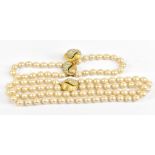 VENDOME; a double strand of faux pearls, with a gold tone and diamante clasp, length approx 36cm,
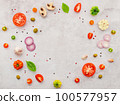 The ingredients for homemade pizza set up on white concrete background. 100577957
===
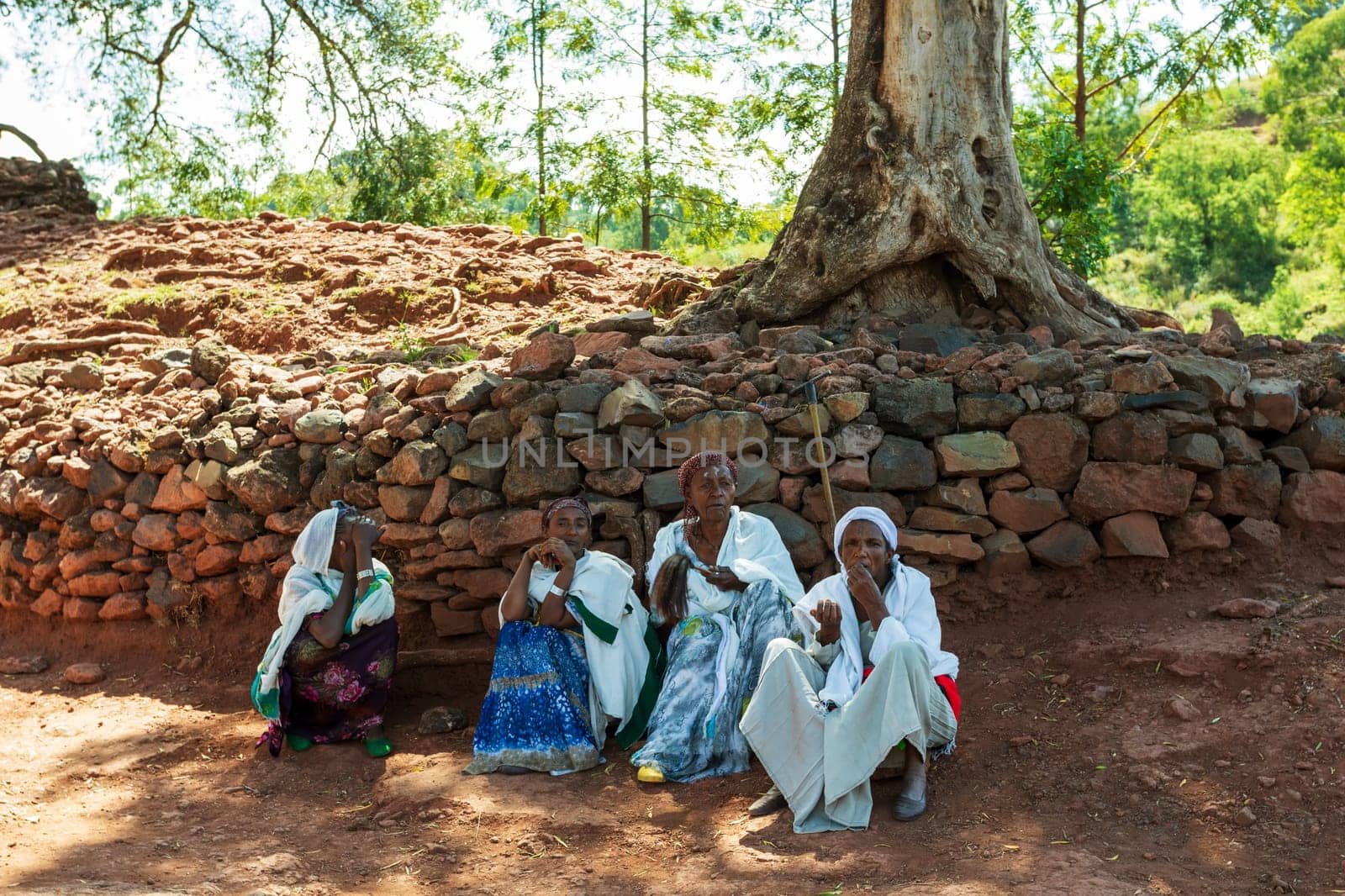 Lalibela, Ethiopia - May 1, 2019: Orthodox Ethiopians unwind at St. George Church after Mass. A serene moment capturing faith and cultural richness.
===
To do: The answer is those lines of the material above that run from the one containing "VENDOME; a double" up to and including the one containing "The ingredients for", restated exactly and without images.

Task answer:
 VENDOME; a double strand of faux pearls, with a gold tone and diamante clasp, length approx 36cm,
 The ingredients for homemade pizza set up on white concrete background. 100577957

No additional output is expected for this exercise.